In solid-state physics, the precise interactions of electrons are analyzed through meticulous detective work, ultimately to gain a better understanding of fundamental physical phenomena.
It comes as no surprise to fans of the thriller genre that in order to solve a case, fingerprints must be carefully located at the crime scene. In modern-day solid-state physics, scientists look for scattering processes—interactions between electrons—that hold the clues necessary for getting closer to the truth.
Revealing these crucial hints is particularly difficult in the case of complex materials, where many electrons play a role simultaneously. In so-called “many-electron systems,” trillions of electrons can be connected to one another and exchange energy and momentum. With the help of precise analysis, new structures are being identified—characteristic patterns in the complicated scattering processes that can help to “clear the case.”

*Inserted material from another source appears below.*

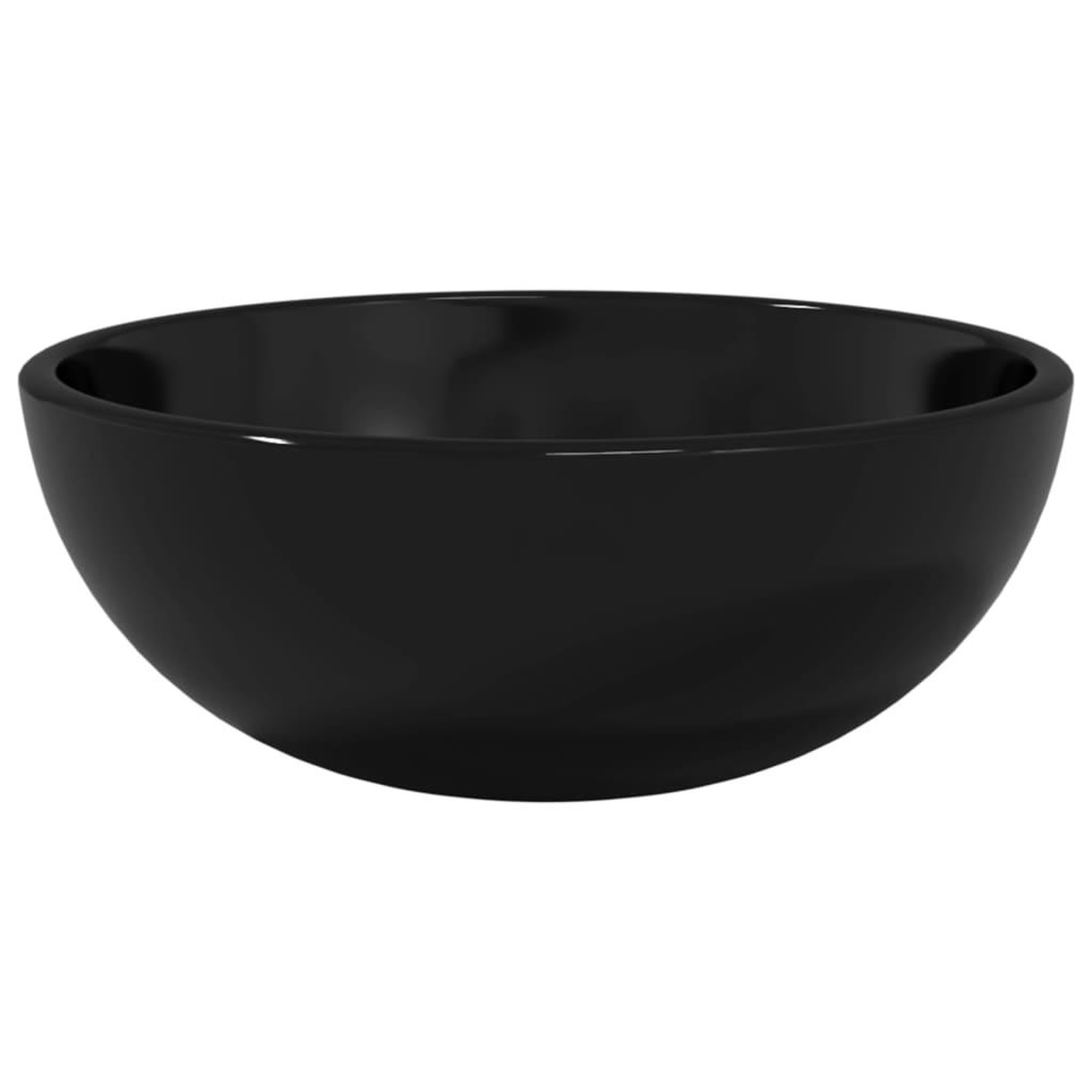 Voir la diapositive 2 : VIDAXL Lavabo Verre trempe 30x12 cm Noir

Scattering processes and material properties
Among other properties, scattering processes determine the mobility of the charge carriers and thus control whether the system ultimately exhibits a metallic, insulating, or even superconducting behavior. Simply put, these mathematical quantities reflect how strong the electrons interact. With the help of extensive computer simulations, condensed matter researchers attempt to nail down the physical properties of many-electron systems, and ultimately answer fundamental questions of solid-state physics, for example: “How do unconventional superconductors work?” or “How do quantum physical phase transitions take place at absolute zero?”

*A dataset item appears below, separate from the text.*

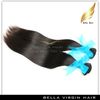 Virgin Human Hair Extension Indian Hair Weaves 3st / Lot Human Hair Weaves Vågig Kroppsvåg DHL Gratis Frakt Naturlig Svart Färg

An in-depth analysis of the scattering processes and their comparison in different physical situations allowed for the identification of clear-cut “fingerprints.”
New connections uncovered
Similar to forensic scientists at a crime scene, the researchers tried to connect many small details to see the bigger picture. They succeeded in identifying characteristic structures in the complex mathematical quantities that describe the scattering processes and relating these structures to two fundamental phenomena of solid-state physics. These fundamental phenomena turned out to be the formation of local magnetic moments as well as their screening due to the so-called Kondo effect, which both crucially control the mobility of electrons. This new connection allows for recognizing the relevant physical effects in the complex scattering processes in just a single glance. By identifying these “fingerprints,” it was even possible to discover an alternative criterion for determining one of the most fundamental energy scales in theoretical solid-state physics: the Kondo temperature.
Eventually, these findings could shed new light on previously unsolved mysteries in solid-state physics, for example, quantum criticality in heavy fermion systems, unconventional superconductivity in strongly correlated quantum materials, and surprising magnetic phenomena in transition metal oxides. The correct determination of the underlying quantum fingerprints could put research on the right track to understand these systems at a fundamental level.